Raj (SRK), son of a rather liberal and even more demented father (Anupam Kher at the start of his long and illustrious career as a ham), falls in love with Simran, daughter of the ‘ mera Bharat mahaan ’ advocate Baldev Singh (Amrish Puri). They do a little Europe yatra together — purely by accident, nothing (honest!) happened… almost — and sing a song or two, finally returning to London, where they part to go back to their own lives. But love has already blossomed and they need to work a little harder before they can settle down and smell the flowers. The story goes on and the ending, needless to say, is about happily ever after, with all the ideals, traditions and morality systems firmly in place, cocking a dated but delightful snook at the execrable concept of honour killings and khap diktats.

While many of the current generation look at Varun Dhawan, Siddharth Malhotra and Aditya Roy Kapoor as the ultimate in eye candy-slash-stuff of heroes, it was only a few years ago that the boyishly gangly SRK, clad in those thank-God-they’re-done high-waisted jeans ran around trees — yes, that is the archetypal Hindi movie romantic moment for doing which this author was almost arrested many years ago — with a fearsomely beetle-browed Kajol, and established himself as the romantic star. And today, with so many movies to his resume, he is still dimpling and spreading those arms, keeping honour and Indian values on a pedestal, still seen as the only actor who could possibly be Raj (and occasionally Rahul).

SRK and Kajol together are more often than not voted the best onscreen pair ever, be it then, when DDLJ first made its impact, or now, when so many other couples have done the filmi boogie with varying degrees of success.
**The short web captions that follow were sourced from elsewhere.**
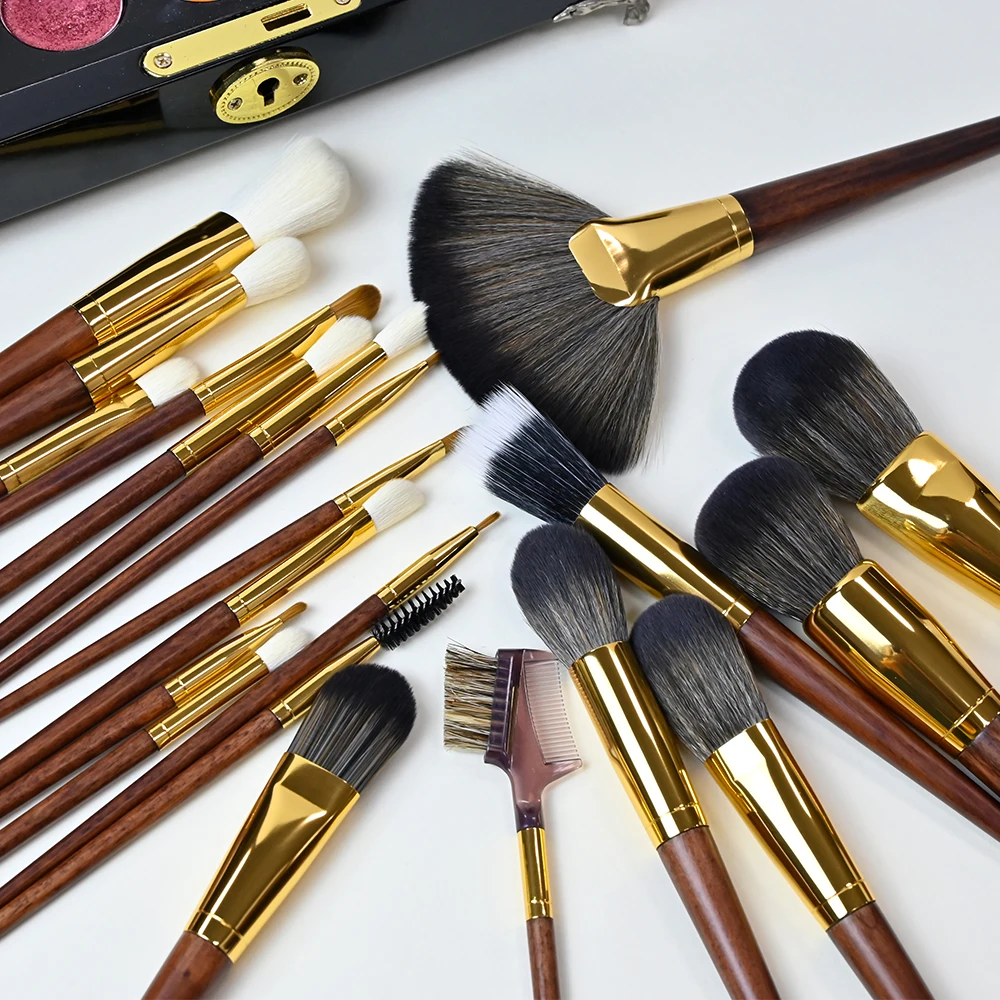 Brush Makeup Synthetic Private Label Professional Make up Brush Set Cosmetic Tools Soft Customized Hair Wood LOGO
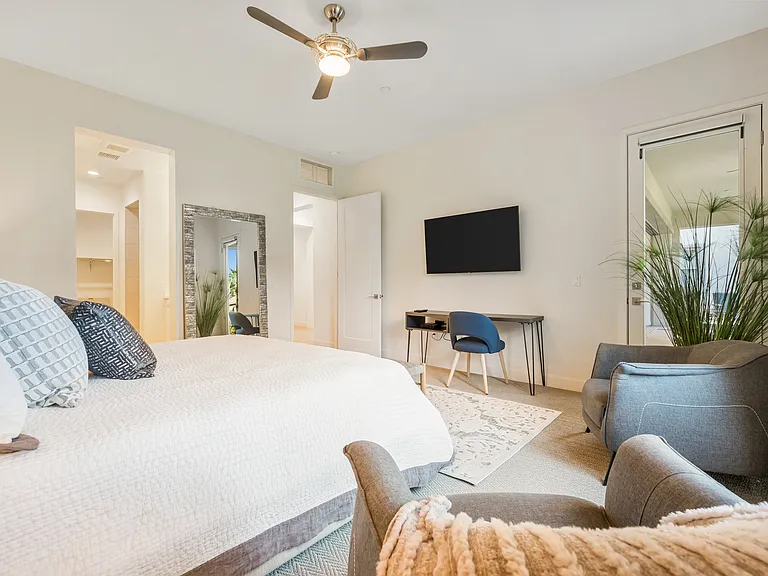1701 Retreat Cir — Photo 31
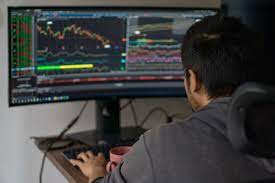Perbedaan analisa fundamental vs teknikal vs bandarmologi. Strategi Sukses Cara Trading Saham Harian Agar Untung Terus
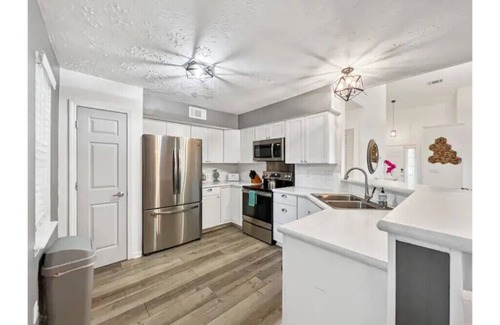 Summerville House | Paramour: huge yard home with ground floor bedroom 25 min to Charleston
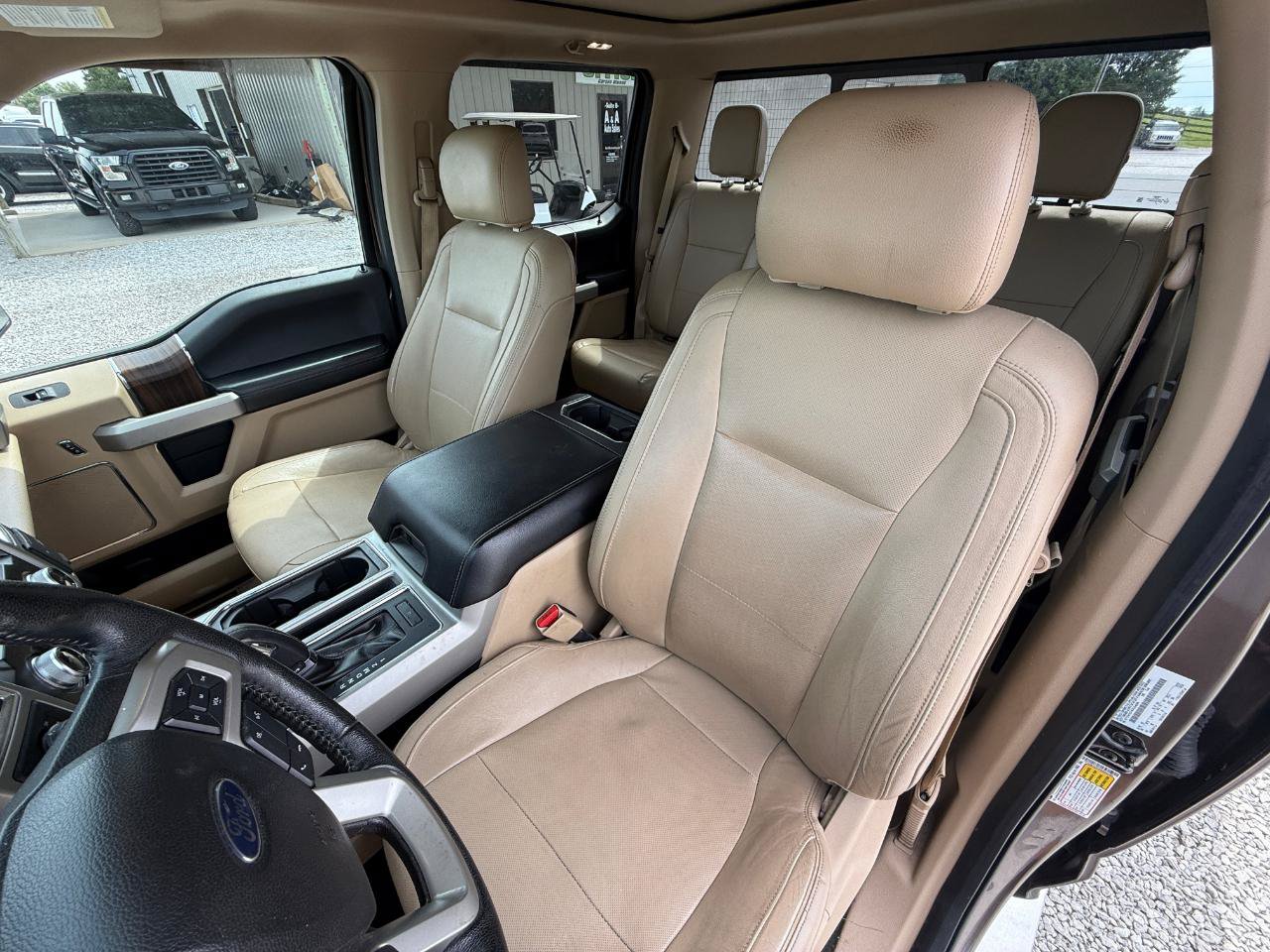 Used 2015 Ford F150 Lariat w/ Equipment Group 502A Luxury AWD/4WD image 5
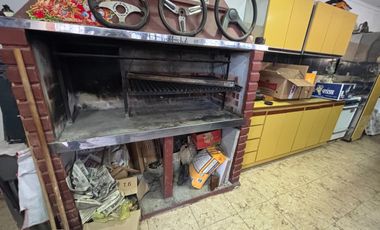 Chalet en venta c/ cochera en Villa Primera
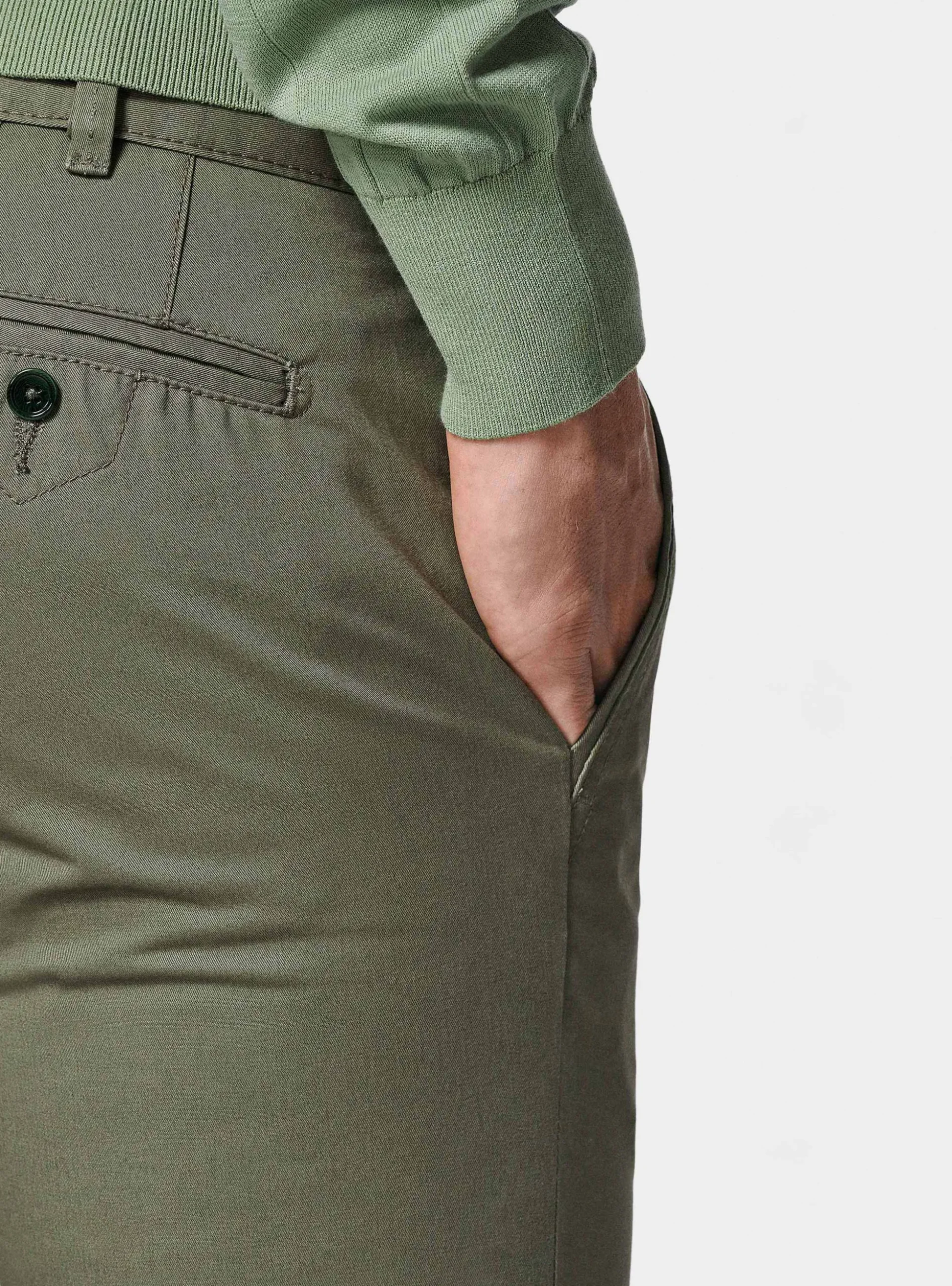 Pantaloni chino slim fit in cotone twill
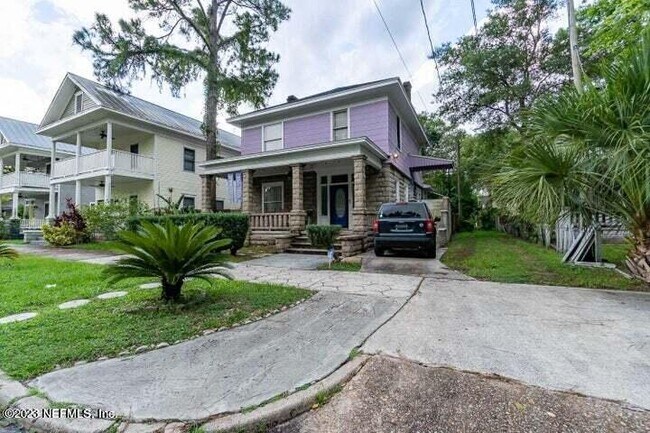 Foto del edificio - 440 E 6th St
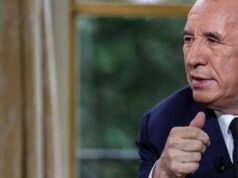 Francia, opposizione attacca Bayrou: “Ridicolo, miserabile, un naufragio”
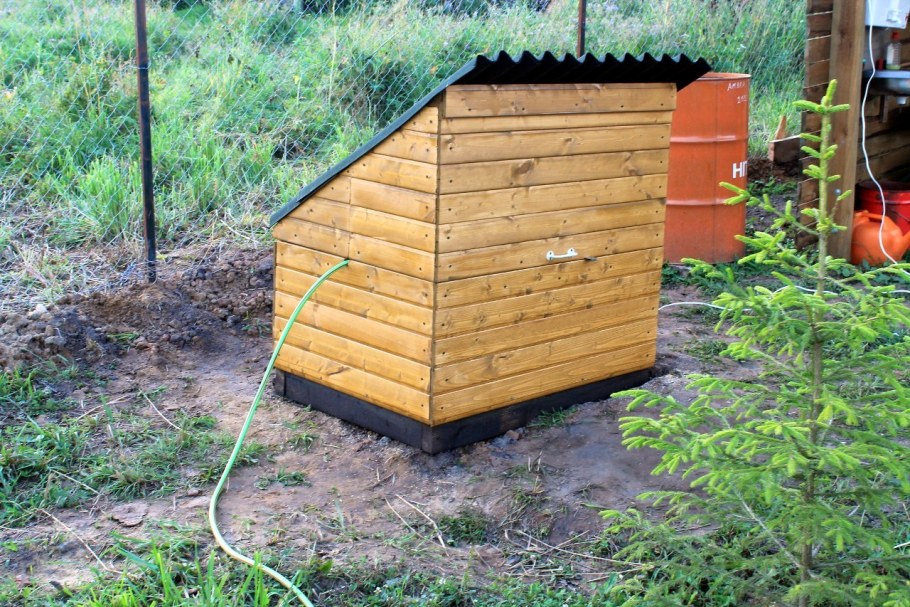 Будка для скважины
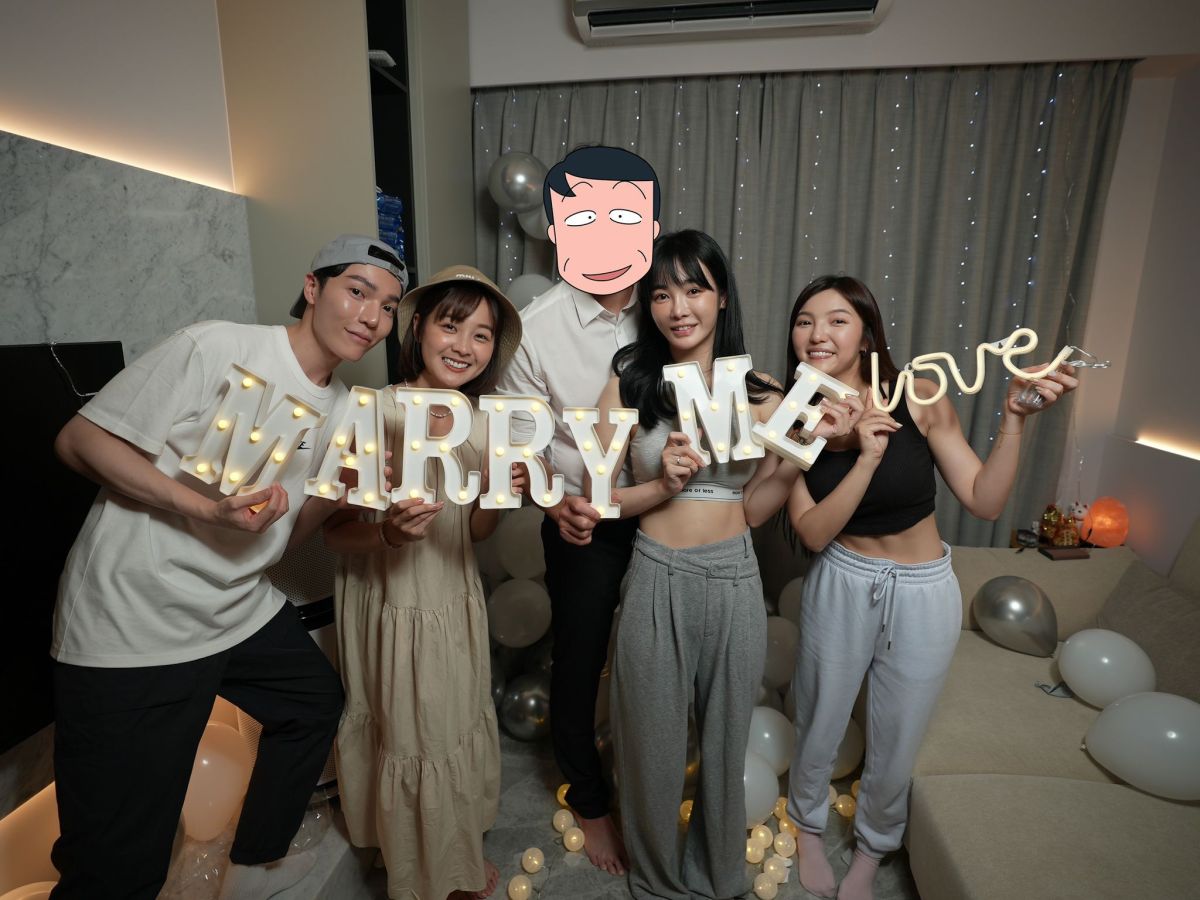 ▲32歲舒子晨（右二）母親節宣布結婚，右一為何美、左二為籃籃。（圖／經紀人提供）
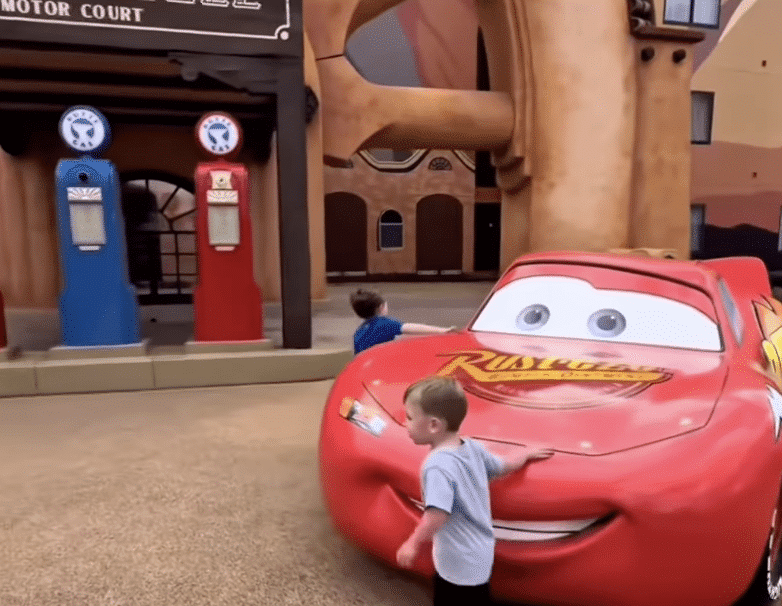 VIDEO – Two Kids See Lightning McQueen… and Their Reaction Is Pure Magic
And many have even been called Raj and Simran, including on television soaps!

But cynicism apart, moments of Dilwale do reign eternal. The scene where Kajol runs to catch a train, her beau reaching out to grab her hand and swing her in was reprised in Chennai Express , which had the now rather older lover boy Shah Rukh stretching it for his next-gen heroine, Deepika Padukone. And we all smiled. Then there is the unforgettable line to Kajol, “ Bade bade shehron mein chhoti chhoti baatein hoti rehte hain ”, which R.R. Patil tried to make his own soon after the terrorist attack on Mumbai in 2008, with disastrous consequences. There is the everlasting and as-dimpled-as-SRK Farida Jalal as the supportive and loving parent — or aunt, or hostel warden or housekeeper in later films, take your pick — the wannabe bridegroom who loses out on the bride, the little sister who makes friends with the beau, the flowering mustard fields, the flowing drapery (sari, dupatta , you choose) et al, all enduring symbols of the wave that DDLJ set off. Today, take the same story with minor updates, change the designers who label the wardrobe choices, add some electronic music, a little more modern technology and a great many zeroes to the production budget and it will work, provided the hero can do the SRK stretch, the heroine can be sanskari and yet yearn for the love of her life and the baddies do no more than glower.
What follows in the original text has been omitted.